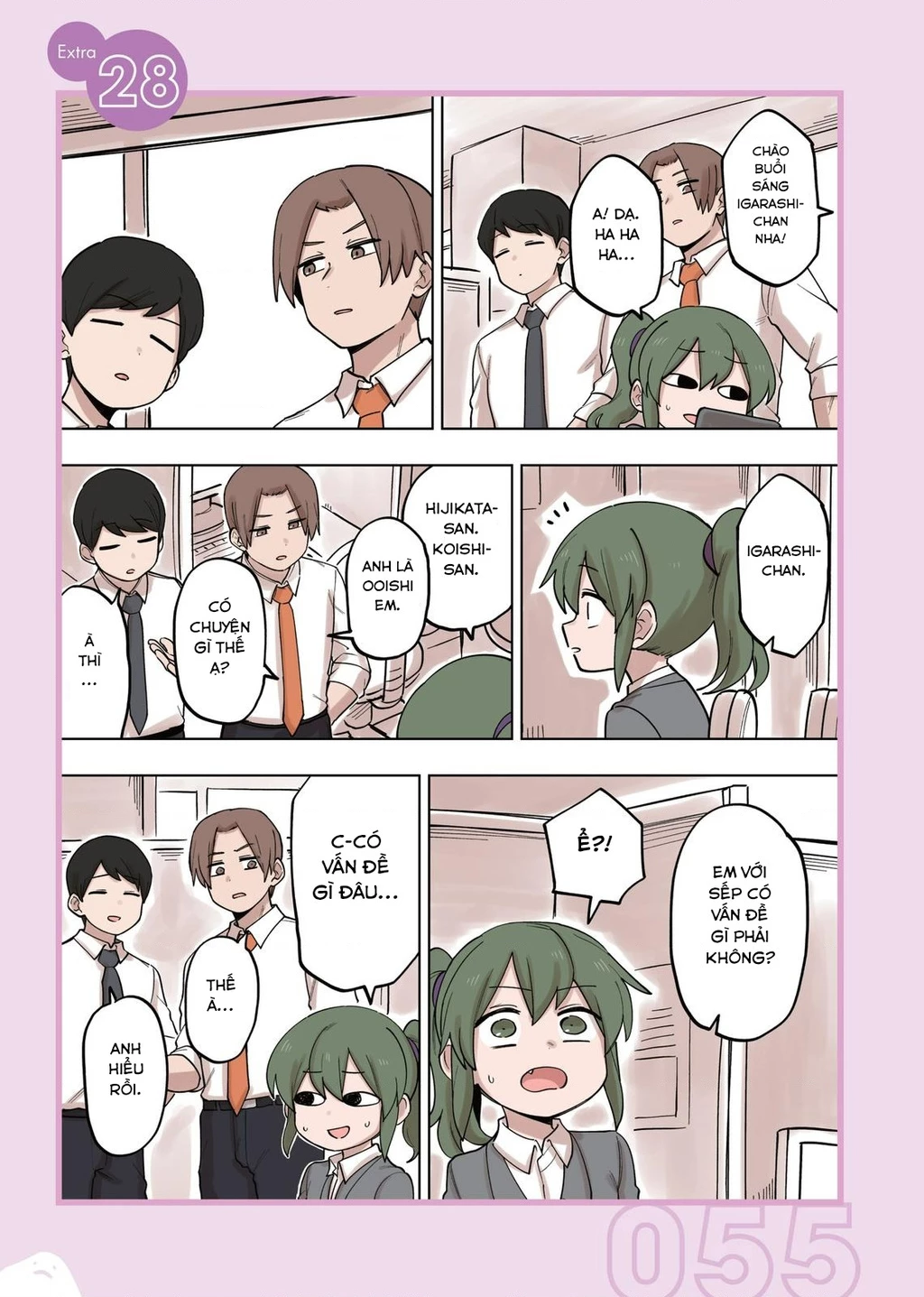 Senpai Ga Urusai Kouhai No Hanashi Chapter 111.5 - 3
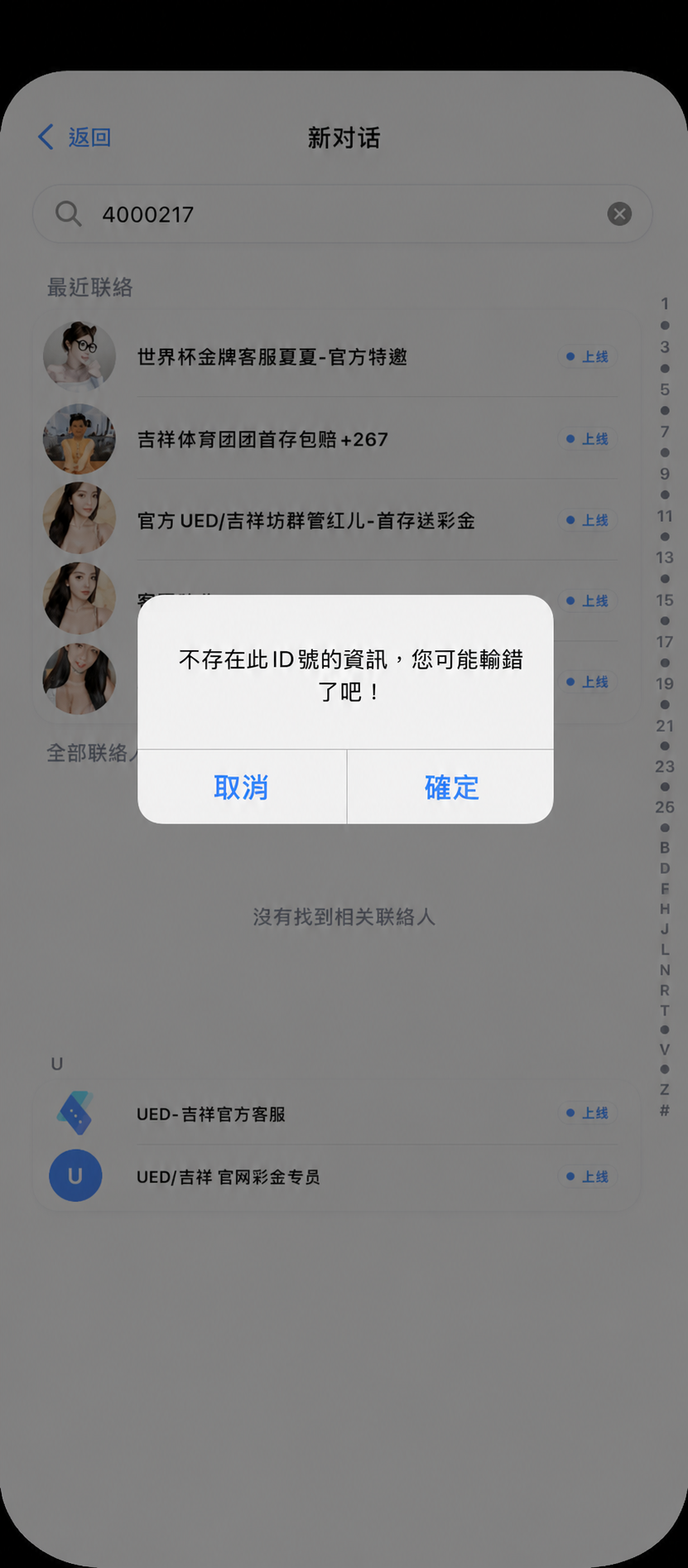 04 新对话无结果弹窗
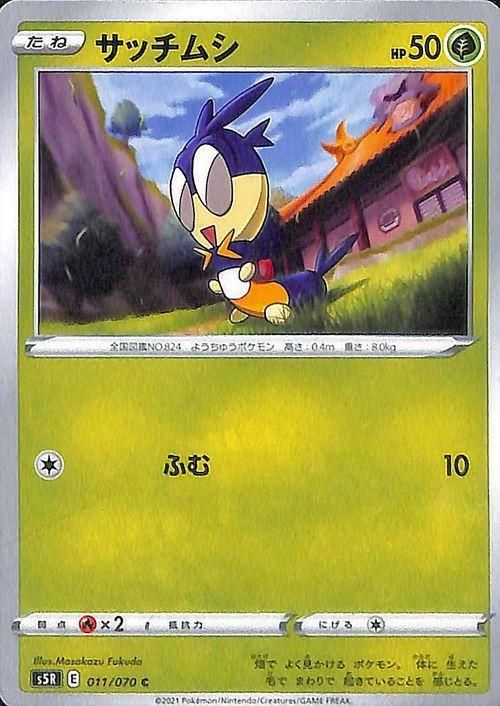 サッチムシ ポケモンカードゲーム通販のカードミュージアム サッチムシ ポケモンカードゲーム通販のカードミュージアム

## ACTION ITEM
Here the job is to print all the data exactly, skipping any image.

## OUTPUT FOR THIS EXERCISE
 Senpai Ga Urusai Kouhai No Hanashi Chapter 111.5 - 3
 04 新对话无结果弹窗
 サッチムシ ポケモンカードゲーム通販のカードミュージアム サッチムシ ポケモンカードゲーム通販のカードミュージアム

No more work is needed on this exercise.